Dara, as if hurried away by his evil genius, could not perceive the force of these arguments; remarking…that he did not believe it possible he should be betrayed by a man bound to him by such strong ties of gratitude. He departed, notwithstanding every solicitation; and soon afforded an additional and melancholy proof that the wicked feel not the weight of obligations when their interests demand the sacrifice of their benefactors.
One can almost sense Bernier coldly mocking Dara’s headstrong impulsiveness and the prince’s unsophisticated blind faith in the bona fides of his past beneficiaries – qualities quite unbecoming of an aspiring administrator – with a scornfully sarcastic tone disguised in apparently sympathetic words.

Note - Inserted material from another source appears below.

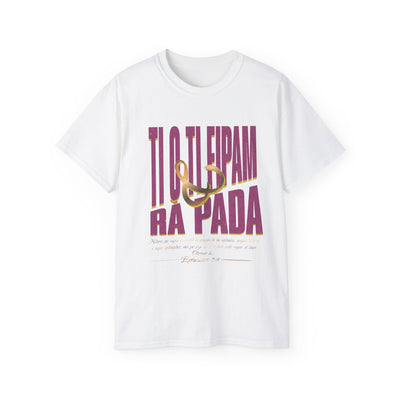 Saved & Redeemed Women’s Graphic Tee – Ephesians 2:8 Christian Cotton T-Shirt, Faith Statement Top, Everyday Casual Wear, Inspirational Gift for Friends”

Bernier is equally unforgiving in his deployment of sardonic language while recording the tragic consequences of the prince’s foolish decision; and with a dramatic touch he records the scenes of Dara’s fall and humiliation at the hand of his detractors:
This robber, who imagined that Dara was attended by a large body of soldiers, received the Prince with apparent respect and cordiality, quartering his men upon the inhabitants, with particular injunctions to supply all their wants and treat them as friends and brethren. But when Javan Khan ascertained that Dara’s followers did not exceed two or three hundred men, he threw off all disguise. It is still doubtful whether he had been tampered with by Aureng-Zebe [Aurangzeb], or whether he were suddenly tempted to the commission of this monstrous crime. The sight of a few mules laden with the gold, which Dara had saved from the hands of the robbers, by whom he had been constantly harassed, very probably excited his cupidity. Be this as it may, the Patan [Pathan] having assembled, during the night, a considerable number of armed men, seized this gold, together with the women’s jewels, and fell upon Dara and Sipah Shikoh, killed the persons who attempted to defend them, and tied the Prince on the back of an elephant. The public executioner was ordered to sit behind, for the purpose of cutting off his head, upon the first appearance of resistance, either on his own part, or on that of any of his adherents; and in this degrading posture, Dara was carried to the army before Tata-Bakar and delivered into the hands of General Mir-Baba. This officer then commanded the Traitor, Javan Khan, to proceed with his prisoner, first to Lahor and afterwards to Dehli.